Reproduce the whole listing exactly and let no picture into the copy.

Given material
□ □ □ □ □

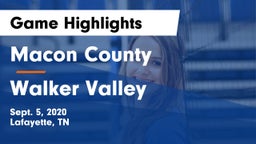 Macon County  vs Walker Valley Game Highlights - Sept. 5, 2020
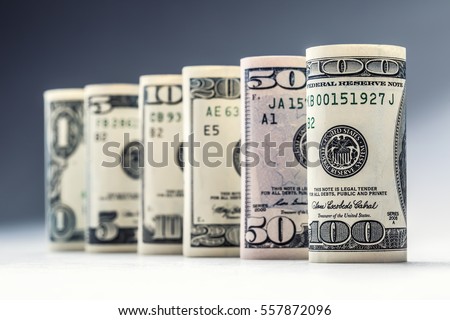 Rolled american dollars banknotes in vertical position.
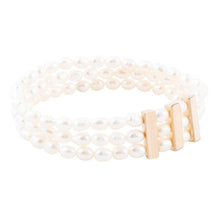 Load image into Gallery viewer, Triple Freshwater White Pearl Classic Golden Stretch Bracelet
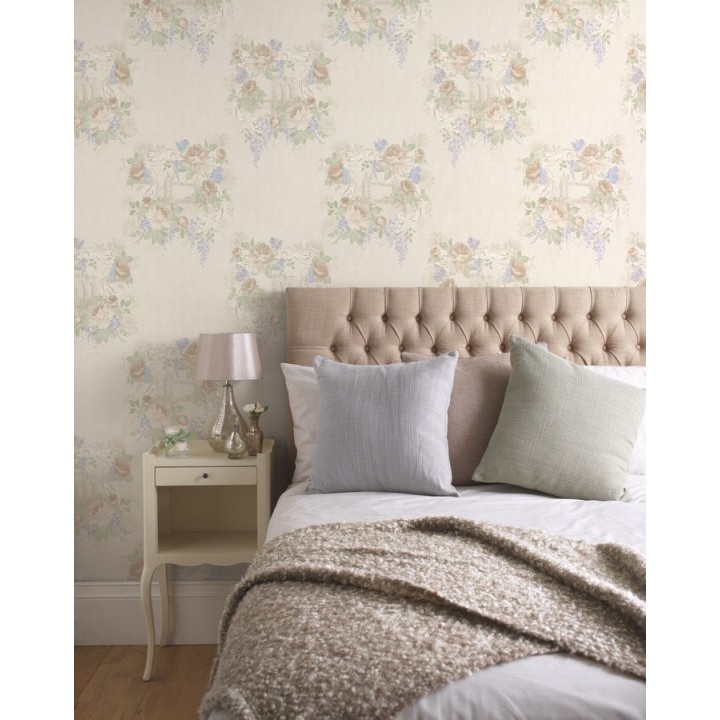 Papel pintado monumentos enmarcados en flores - Julienne 564460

□ □ □ □ □

Worked solution
 Macon County  vs Walker Valley Game Highlights - Sept. 5, 2020
 Rolled american dollars banknotes in vertical position.
 Load image into Gallery viewer, Triple Freshwater White Pearl Classic Golden Stretch Bracelet
 Papel pintado monumentos enmarcados en flores - Julienne 564460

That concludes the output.